Brent crude reached $126 per barrel on March 8, 2026, the highest level since 2008. Iran formally announced the strait's closure after the US-Israeli Operation Epic Fury launched on February 28. Prices have since fallen 42% as diplomatic progress accumulated, including the June 17 memorandum signed by US President Trump and Iranian President Pezeshkian. The M/T Kiku strike added a geopolitical risk premium that has since partly unwound as Tuesday's Doha talks approach.

Timeline of the 2026 Hormuz Crisis

The crisis began February 28, 2026, when US-Israeli airstrikes triggered Iran's Islamic Revolutionary Guard Corps to attack tankers and formally close the strait. A ceasefire reached April 8 deteriorated within days, followed by the April 13 start of US Navy port blockades of Iranian facilities. Operation Project Freedom, a US Navy escort program protecting allied vessels, launched May 4.

Iran claimed on June 20 that Israeli actions had voided the memorandum and resumed the waterway's closure. The M/T Kiku drone strike on June 27 was the most recent incident, damaging the vessel but causing no crew casualties. Tuesday's Doha session is the first formal negotiating round since the June 17 memorandum was signed.

Gulf Producers Race to Load Cargoes During Open Windows

Producers from Saudi Arabia, the UAE, Kuwait, and Iraq are accelerating cargo loading during periods when the strait remains passable. OilPrice.com reported Monday that shippers across the Gulf are racing to load oil and LNG before any renewed closure. A sustained blockade would cut off an estimated 17 to 20 million barrels per day of crude oil exports from the region.

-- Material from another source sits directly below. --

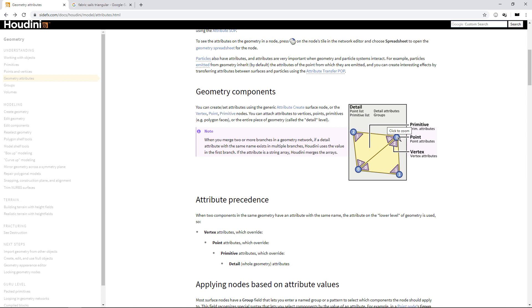Finally, we have those points which are positions in space. They can also store data on themselves. Houdini having points and vertices is something that can be confusing when coming from other software tools, but it's important to understand the difference between those two.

US natural gas markets face no direct Hormuz supply disruption, as American LNG exports travel from Gulf Coast terminals in the opposite direction. European and Asian buyers of Qatari LNG, which transits Hormuz, faced spot price spikes during the March closure. JKM, the Asian LNG benchmark, reached a seasonal high during that peak before easing as alternative supplies entered the market.

Sources and methodology

Oil Authority synthesis: Calculated Hormuz tanker transit reduction (88% from prewar 100-plus ships per day to 12 ships on June 27) and Brent peak-to-present decline (42% from $126 per barrel on March 8 to $72.83 per barrel on June 29, 2026).